The early 1920s were a remarkable period and a time of fundamental breakthroughs for Polish painting. The existence of an independent Polish state set the tone for the youth at the Academies of Fine Arts in Cracow, as well as in Warsaw. At that moment, the first violent reactions against the epigones of the Young Polish Art (Polish: Młoda Polska) emerged. The ‘Young Polish' painting tradition began to be crossed with futurism, cubism, contemporary French painting, and elements of Russian art. Józef Czapski wrote about the then prevailing ‘universal, refreshing lure' (Józef Czapski, ‘O przyszłości polskiej plastyki' [in:] ‘Wiadomości Literackie', XI, 1934-35, p. 34).

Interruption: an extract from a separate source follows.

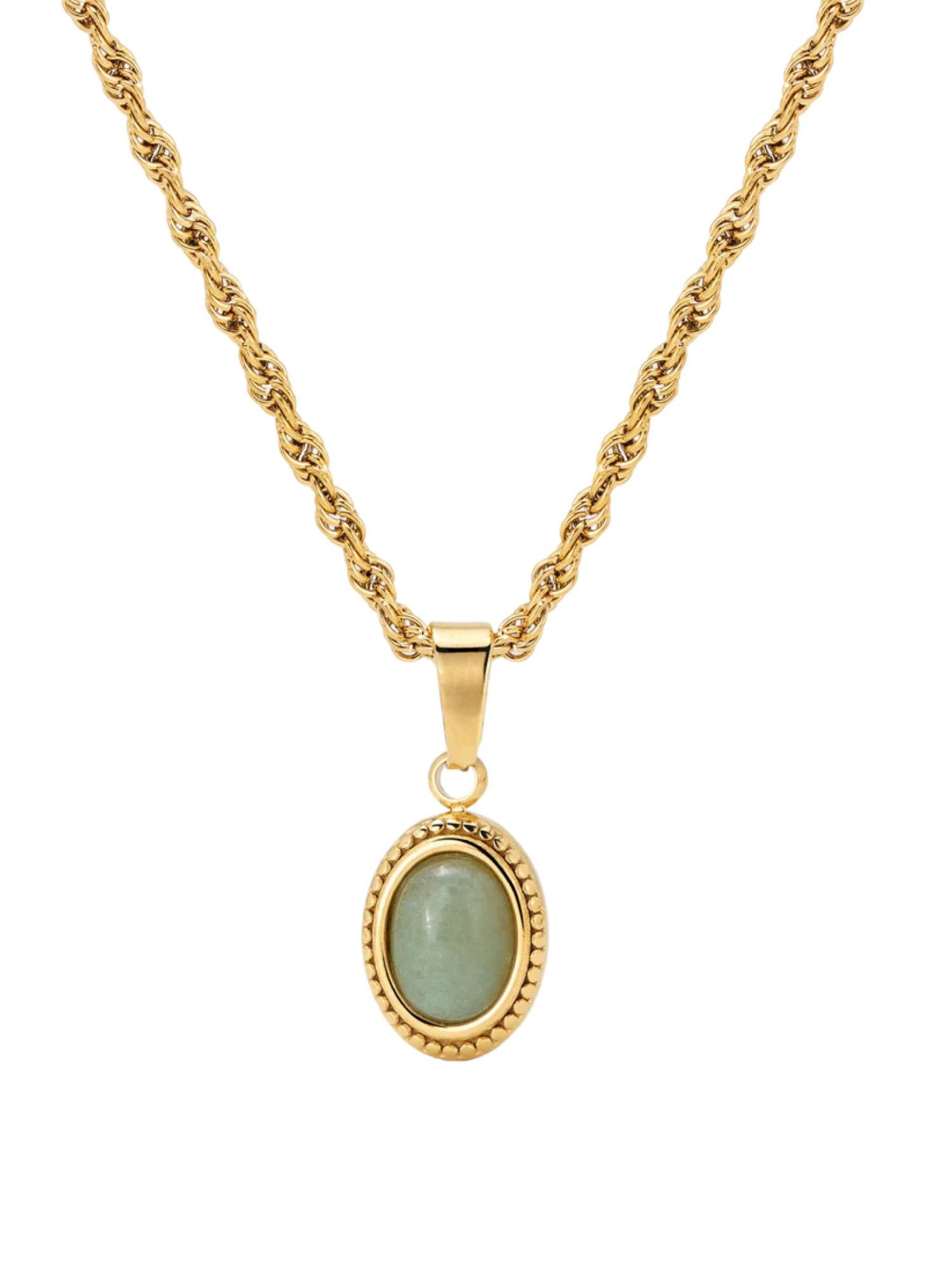 Luamaya Necklace 'Vintage Vibes Necklace' in Gold: front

It was a time of aesthetic pluralism and dynamic ‘flourishing' of artistic life. Anything seemed possible. The mood of the young art adepts studying at the Academy of Fine Arts was utterly positive, as new doors and perspectives were ahead of them. Everyone was accompanied by the belief that ‘new means better'. Yet, the understanding of the avant-garde and modernity promptly began to differ between the emerging groups. For an artist group, later known as the Kapists, the adoption of new art trends and the interest in formism (Polish avant-garde literary and artistic movement) was not equivalent to a rejection of the old art. Quite the opposite, the artists were insatiable. Moreover, they never considered linking painting with a given social ideology, as was the case with the Cracow Group (Polish: Grupa Krakowska).

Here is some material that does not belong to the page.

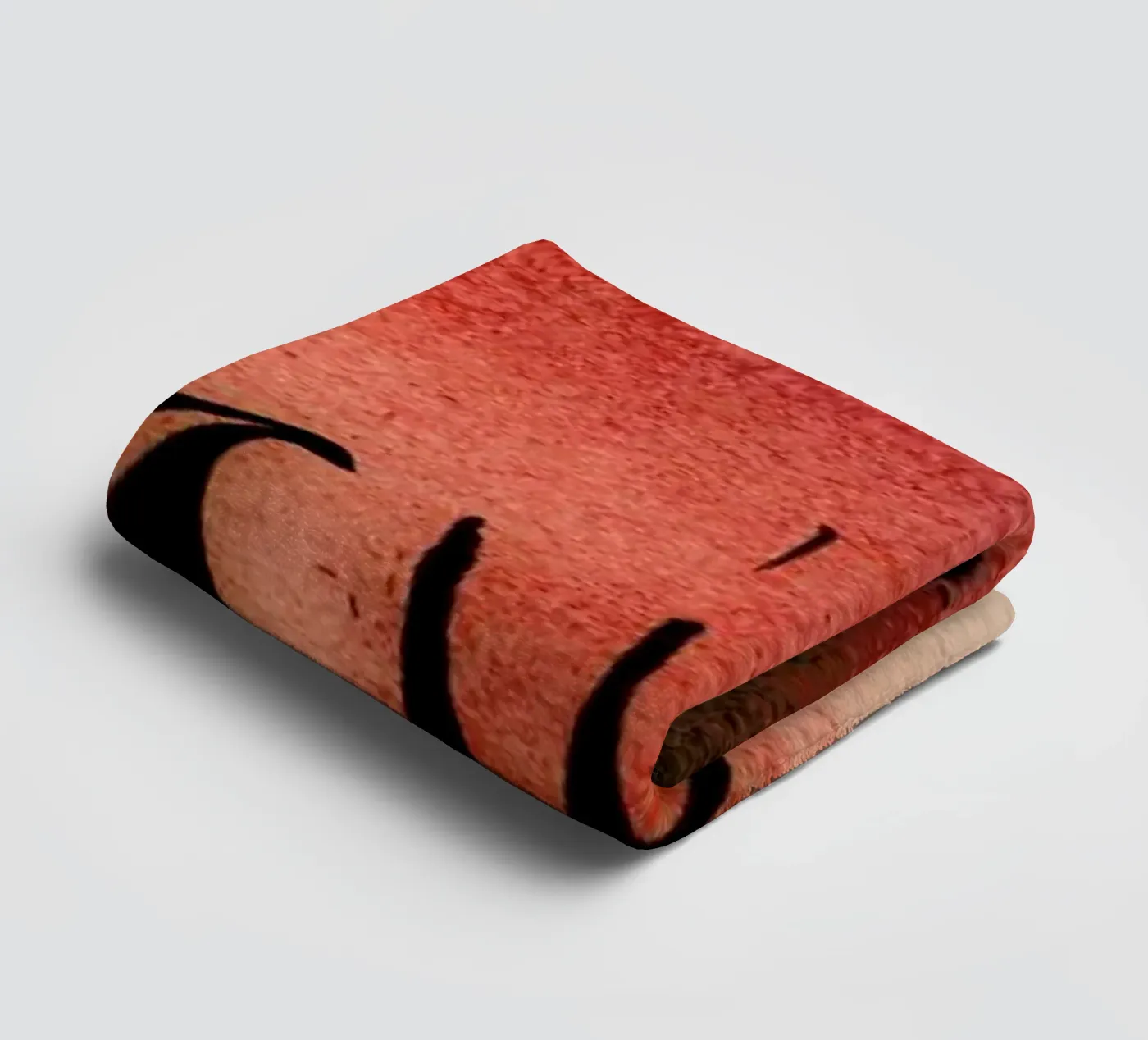 Fraise towel by Ekaterina Koroleva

Józef Pankiewicz was the father of Polish colourist painting. He was well acquainted with French painting and was an admirer of paintings by Paul Cézanne and Pierre Bonnard. After returning from France in 1923, he took up a professorship at the Academy of Fine Arts in Cracow. Pankiewicz, for the second time in the history of Polish painting, opened the door to European art and made Paris the centre of the artistic world - making a significant contribution to the consolidation of the French culture myth. In 1923, the students gathered around Pankiewicz - Jan Cybis, Zygmunt Waliszewski, Artur Nacht-Samborski, Jan Boraczok, Hanna Rudzka (later Cybisowa), Józef Czapski, Józef Jarema, Tadeusz Piotr Potworowski, Ewa Strzałecka, Jan Strzałecki, Marian Szczyrbuła, and Seweryn Boraczok - set up a Paris Committee (Polish: Komitet Paryski) with the aim of raising funds for studying abroad in the French capital.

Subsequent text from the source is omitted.